L’Europe a connu sa pire saison de grippe aviaire. C’est ce qu’indique le dernier rapport de surveillance européen sur les virus hautement pathogènes (lire : virus hautement contagieux et provoquant des symptômes graves). “Cela devrait nous inquiéter pour plusieurs raisons”, a déclaré le microbiologiste médical Emmanuel André (UZ Leuven).

Au total, il y a eu 2 398 foyers chez les volailles la saison dernière, selon le nouveau rapport. Au total, 46 millions d’oiseaux ont dû être abattus dans les élevages touchés. De plus, la grippe aviaire a été diagnostiquée chez 168 oiseaux captifs et 2 733 oiseaux sauvages dans 36 pays européens.

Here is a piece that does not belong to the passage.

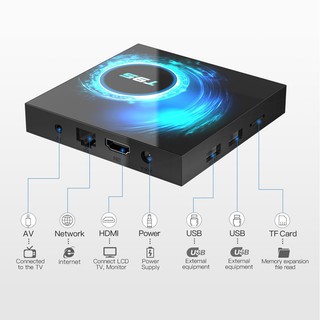 Hộp tivi thông minh Android T95 16G wifi băng tần kép bluetooth 5.0 độ phân giải 6K rõ nét phiên bản Android 10.0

« Ce sont des virus grippaux qui infectent principalement les oiseaux (sauvages et domestiques), précise André. «Ils sautent rarement sur les humains. Mais plus nous sommes exposés, plus il y aura d’infections, augmentant la probabilité que ces virus finissent par s’adapter aux humains.

Rôle de renfort

Le pic épidémique que nous venons de voir en Europe était, selon le microbiologiste, “le plus important jamais décrit”. « C’était le cas des oiseaux sauvages (réservoir naturel du virus ou lieu de dormance) et des animaux d’élevage. Les fermes industrielles jouent souvent ici un rôle de renforcement.

Un chercheur teste un canard pour la grippe aviaire. © ANP

De plus, le pic épidémique chez les oiseaux sauvages a duré très longtemps. “Comme si le virus était de plus en plus capable de survivre à toutes les saisons de l’année, avec des pics en hiver”, explique André. Cela signifierait que le virus pourrait être devenu endémique en Europe et poser ainsi un risque sanitaire toute l’année pour la volaille, les humains et la faune, avec le plus grand risque pendant les mois d’automne et d’hiver.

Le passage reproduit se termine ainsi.